The original post-paper checkpoint for the Ablation B (`unconstrained`)
variant was unrecoverable at release time. The file in this repo is a
**retrain** produced from the same committed training script and
configuration (seed 42, same `DEFAULT_CONFIG`). It reproduces the
paper's expected ablation regime on the synthetic held-out eval
(`transition_acc` bouncing in `[0.014, 0.022]`, `tt_bit_acc ~= 0.836`,
`regulator_set_f1 ~= 0.60`, `functional_agreement ~= 0.92`) but will
**not be byte-identical** to the artifact that originally produced the
paper's Appendix Table 9 / Ablation B numbers, because synthetic data
streaming is sensitive to dataloader-order PRNG draws. Downstream BBM
Lift-Cert numbers are expected to be statistically equivalent but
may differ within run-to-run noise. If bit-exact reproduction of the
paper table is required, rerun the Lift-Cert pipeline against this
checkpoint and report the refreshed numbers.

## Intended use

- Reproduction of the ICML-2026 AI4Science paper numbers.

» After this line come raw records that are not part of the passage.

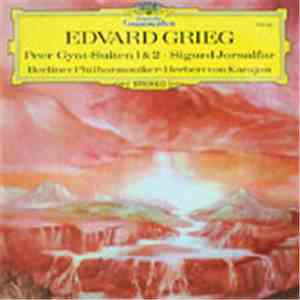 Edvard Grieg - Berliner Philharmoniker • Herbert von Karajan - Peer Gynt-Su ...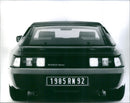 1985 Renault Alpine V6 - Vintage Photograph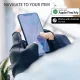 Smart Bluetooth mini meklētājs ar Apple Find My un Google Find Hub, balts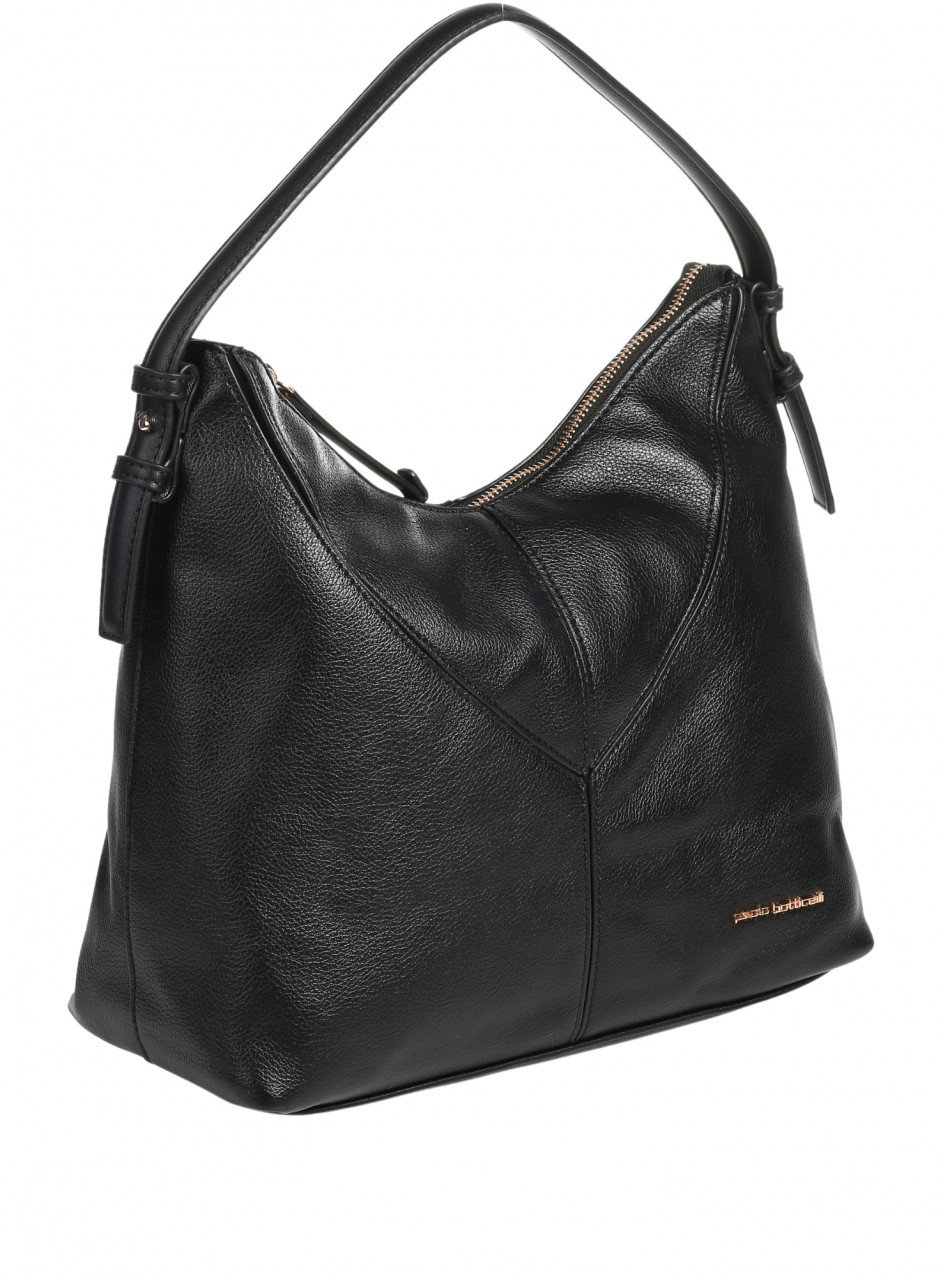 Ежедневна дамска чанта в черно 9Q-26610 black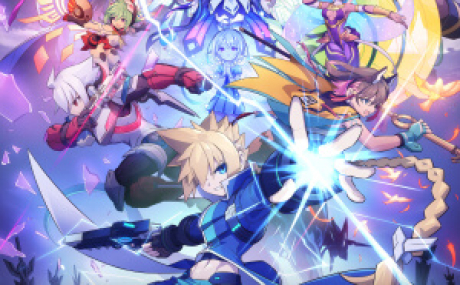 Azure Striker Gunvolt Trilogy Enhanced
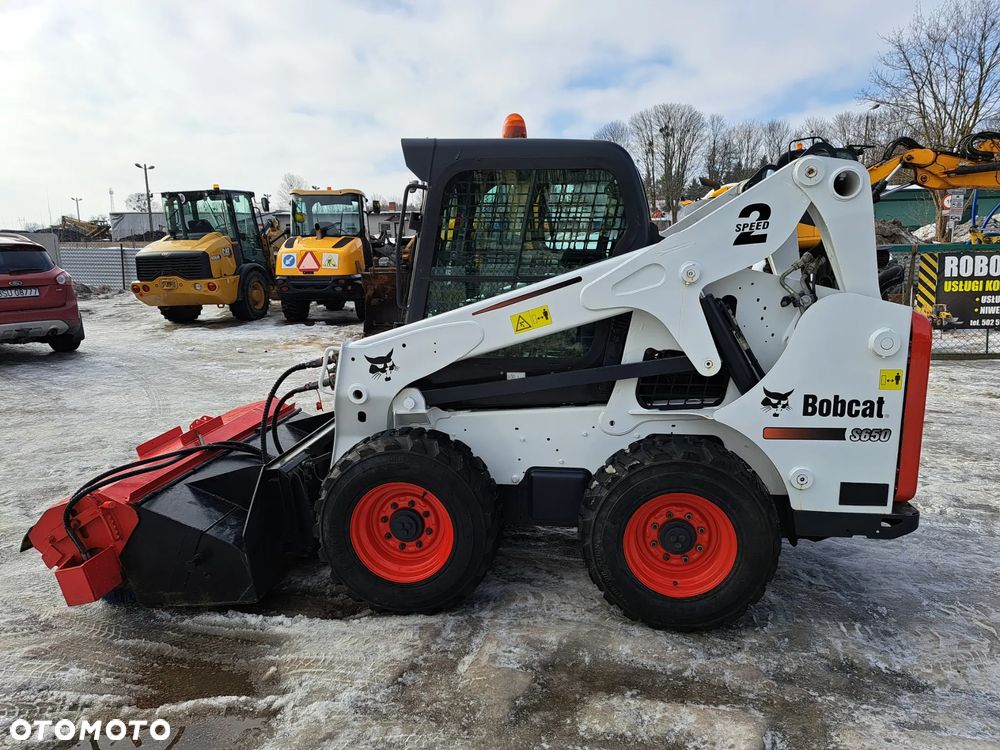 Bobcat S650 - 6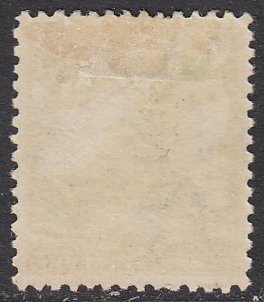 Samoa 142 MH CV $5.50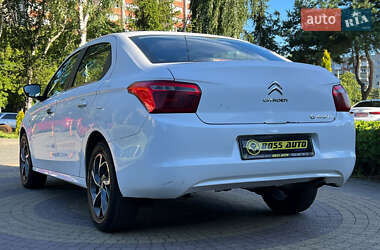 Седан Citroen C-Elysee 2017 в 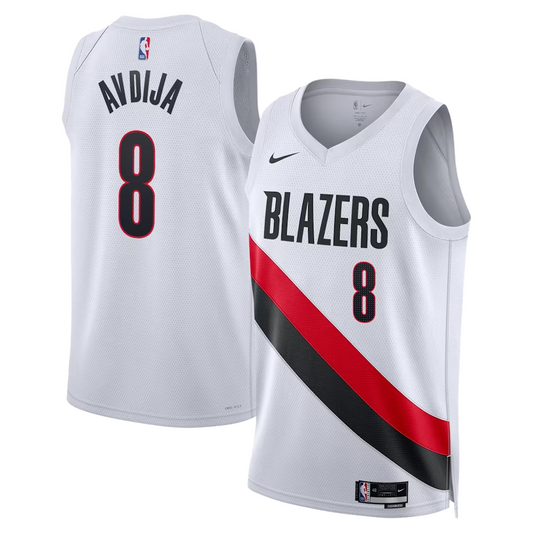 Deni Avdija Portland Trail Blazers Jersey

The companion
  CLI `able-download-checkpoints` consumes this repo.
- Research extensions on k-junta Boolean-network recovery from
  perturbation transitions (neuro-symbolic, active-learning, and
  certificate-style work).

## Limitations

- Trained on **synthetic** Boolean networks matched to the paper's
  structural priors (max-indegree 6, mean-indegree ~2.5, NCF-majority
  distributional prior). Out-of-distribution biological networks may
  require retraining or domain adaptation.
- Ablation-B checkpoint (`*_unconstrained_*`) is only meaningful as a
  control: it removes the NCF prior from the decoder head. It is **not**
  the recommended proposer for downstream work.
- The decoder consumes quantised occupancy statistics, not raw state
  trajectories; inference pipelines must feed data through the paired
  preprocessing code in `able-public`.

## Download

The companion code package is available at https://github.com/phuayj/able.
Install it and run the bundled checkpoint downloader:

```bash
git clone https://github.com/phuayj/able.git
cd able
pip install -e .
able-download-checkpoints --output-dir checkpoints
```

This places all three checkpoint files under `checkpoints/`. No
authentication is required for downloads.

## Citation

See `CITATION.cff` in the paper codebase.

## License

MIT (weights released alongside the paper code).